Journal of Archaeology in the Low Countries 4-2 (April 2013)Annet Nieuwhof: Anglo-Saxon immigration or continuity? Ezinge and the coastal area of the northern Netherlands in the Migration Period.
3. Pottery assemblages from Ezinge, Midlaren-De Bloemert and the Feddersen Wierde

3.1 Ezinge

The terp of Ezinge had attracted the attention of Van Giffen in 1923, during commercial quarrying of the fertile terp soil. During the following years, Van Giffen and his assistants documented sections and carried out small excavations while quarrying continued. Between 1931 and 1934, Van Giffen managed to organize a large-scale excavation in Ezinge. One eighth (2 ha) of the terp was entirely excavated in 22 levels. The excavation attracted much international attention because of the modern excavation technique and the well-preserved organic remains, especially the many impressive remains of large, 3-aisled farmhouses. Ezinge must have been a relatively large village settlement. If we take the number of houses recognized by De Langen and Waterbolk in the excavated part of the terp as a lead (De Langen & Waterbolk 1989; Waterbolk 1991), the village varied between c. 5 and 20 houses.
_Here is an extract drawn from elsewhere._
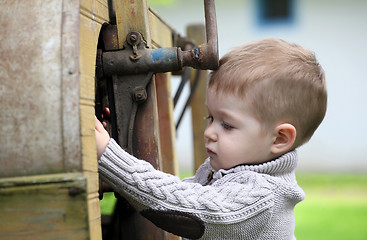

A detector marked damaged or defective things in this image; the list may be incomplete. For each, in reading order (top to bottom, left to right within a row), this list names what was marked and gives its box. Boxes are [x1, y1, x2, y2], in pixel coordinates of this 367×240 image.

rusty metal bracket [102, 0, 218, 76]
Handmade pottery is the most sizeable find category in Ezinge with almost 20.000 pots and potsherds (1025 kg) from the entire habitation period between 500 BC and AD 1500. The (compared to modern terp excavations) large percentage of rims and complete pots (as many as 223 complete archaeological profiles) shows that pottery was probably collected selectively.